* INFORMATION SUPPLIED
:::
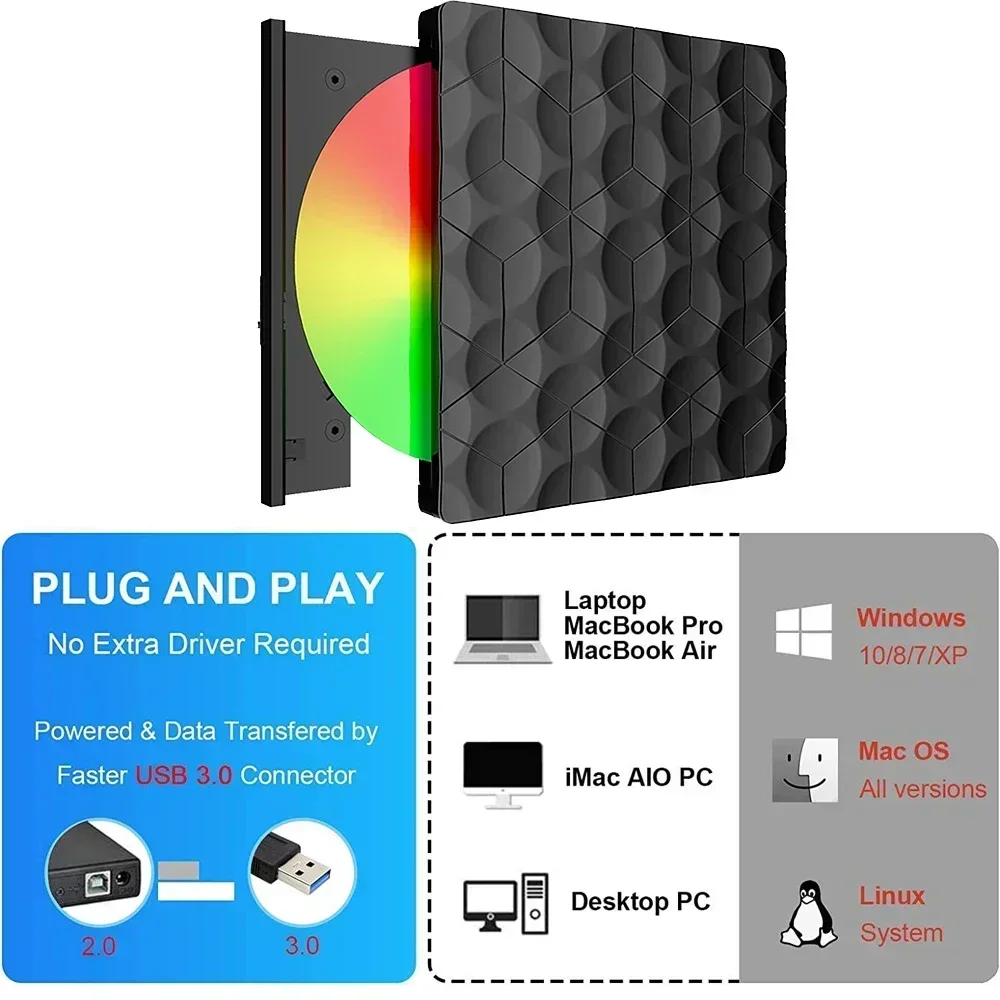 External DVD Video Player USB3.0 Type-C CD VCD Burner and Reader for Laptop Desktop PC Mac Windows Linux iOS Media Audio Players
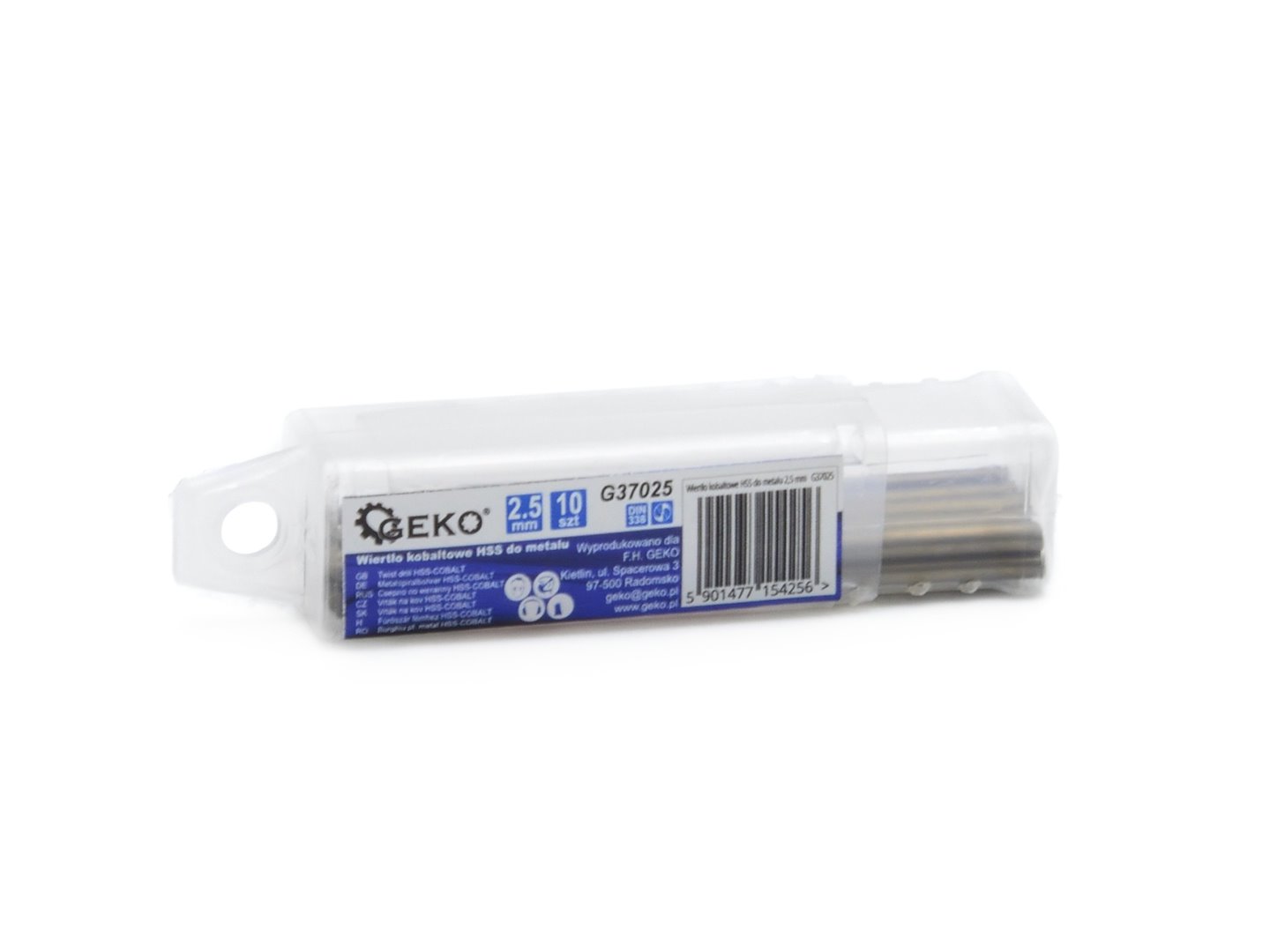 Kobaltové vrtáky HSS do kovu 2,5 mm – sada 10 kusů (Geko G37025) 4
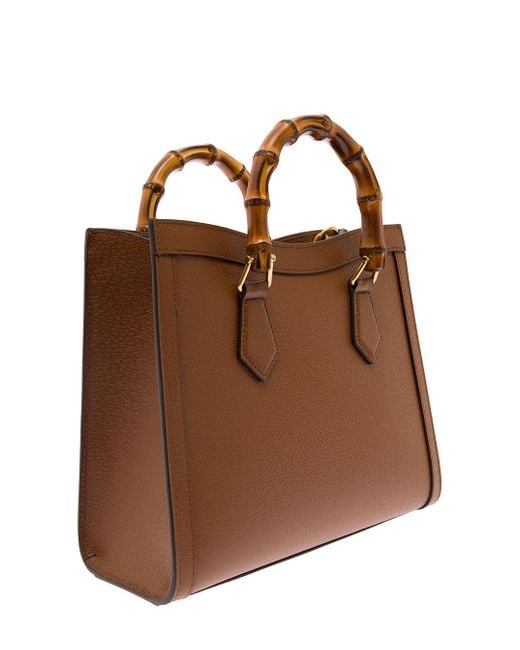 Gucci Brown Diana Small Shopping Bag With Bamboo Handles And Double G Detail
:::
* TASK ITEM
The images are to be left out; every line above should be set down exactly.

* SOLUTION
 External DVD Video Player USB3.0 Type-C CD VCD Burner and Reader for Laptop Desktop PC Mac Windows Linux iOS Media Audio Players
 Kobaltové vrtáky HSS do kovu 2,5 mm – sada 10 kusů (Geko G37025) 4
 Gucci Brown Diana Small Shopping Bag With Bamboo Handles And Double G Detail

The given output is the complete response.